▶ [TASK TO CARRY OUT]:
Only the lines from the start of the data through the line containing "Vortrag zu einer" should be written out, exactly as they are, with both ends included and the pictures left out.
───
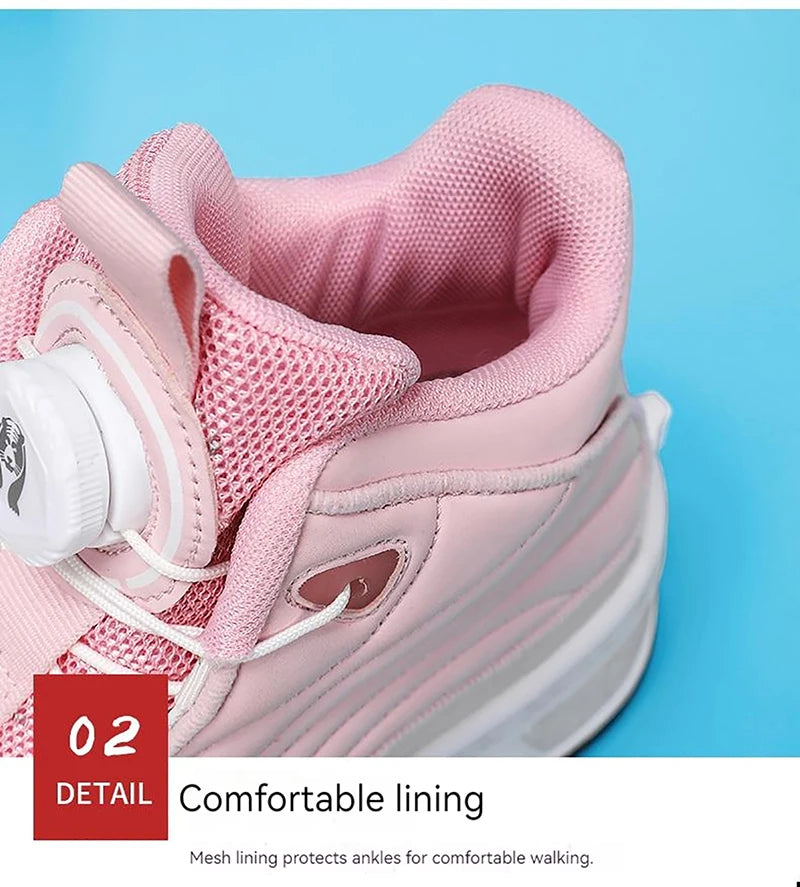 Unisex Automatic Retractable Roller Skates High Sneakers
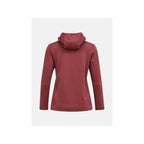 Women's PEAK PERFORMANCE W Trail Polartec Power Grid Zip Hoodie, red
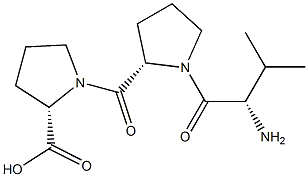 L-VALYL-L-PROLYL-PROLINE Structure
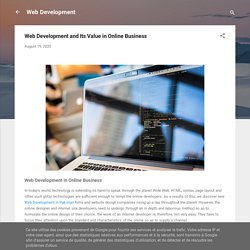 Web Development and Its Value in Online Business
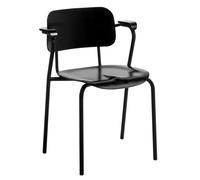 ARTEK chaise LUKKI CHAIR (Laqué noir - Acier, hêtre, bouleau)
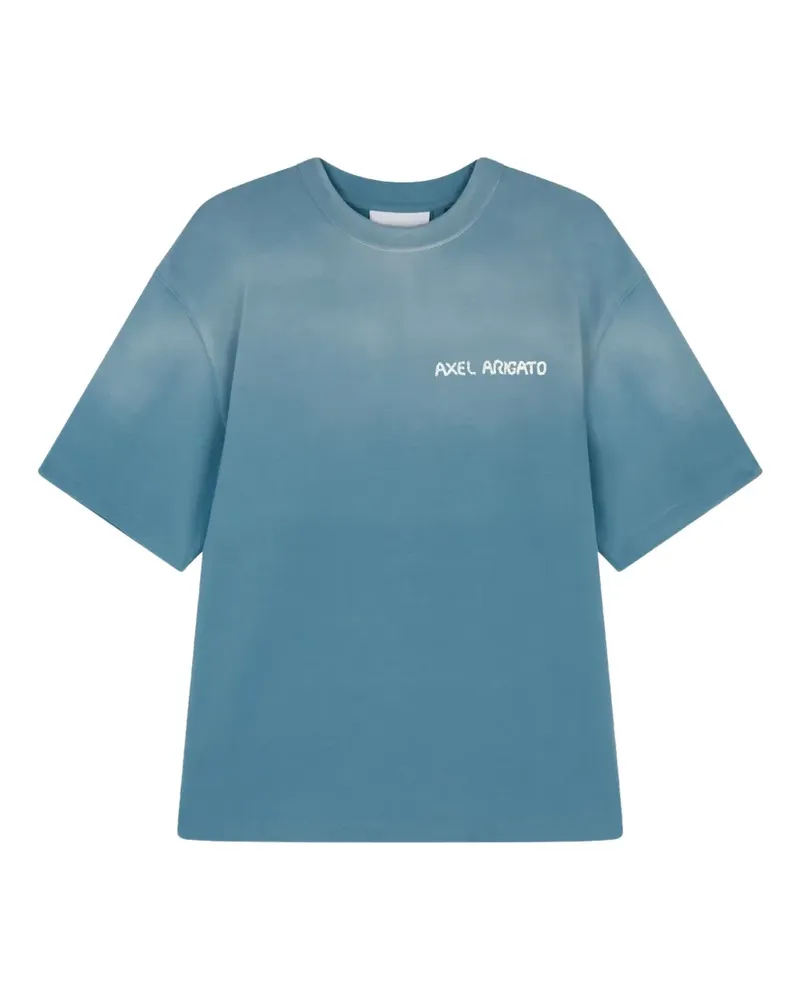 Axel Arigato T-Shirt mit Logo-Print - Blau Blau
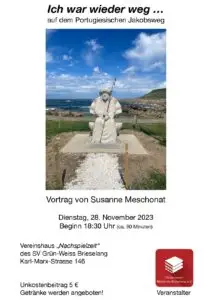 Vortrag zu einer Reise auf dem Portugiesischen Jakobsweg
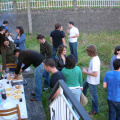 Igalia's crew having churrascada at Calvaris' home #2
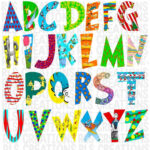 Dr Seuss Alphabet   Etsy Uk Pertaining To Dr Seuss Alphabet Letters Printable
───
▶ [TASK RESPONSE]:
 Unisex Automatic Retractable Roller Skates High Sneakers
 Women's PEAK PERFORMANCE W Trail Polartec Power Grid Zip Hoodie, red
 L-VALYL-L-PROLYL-PROLINE Structure
 Web Development and Its Value in Online Business
 ARTEK chaise LUKKI CHAIR (Laqué noir - Acier, hêtre, bouleau)
 Axel Arigato T-Shirt mit Logo-Print - Blau Blau
 Vortrag zu einer Reise auf dem Portugiesischen Jakobsweg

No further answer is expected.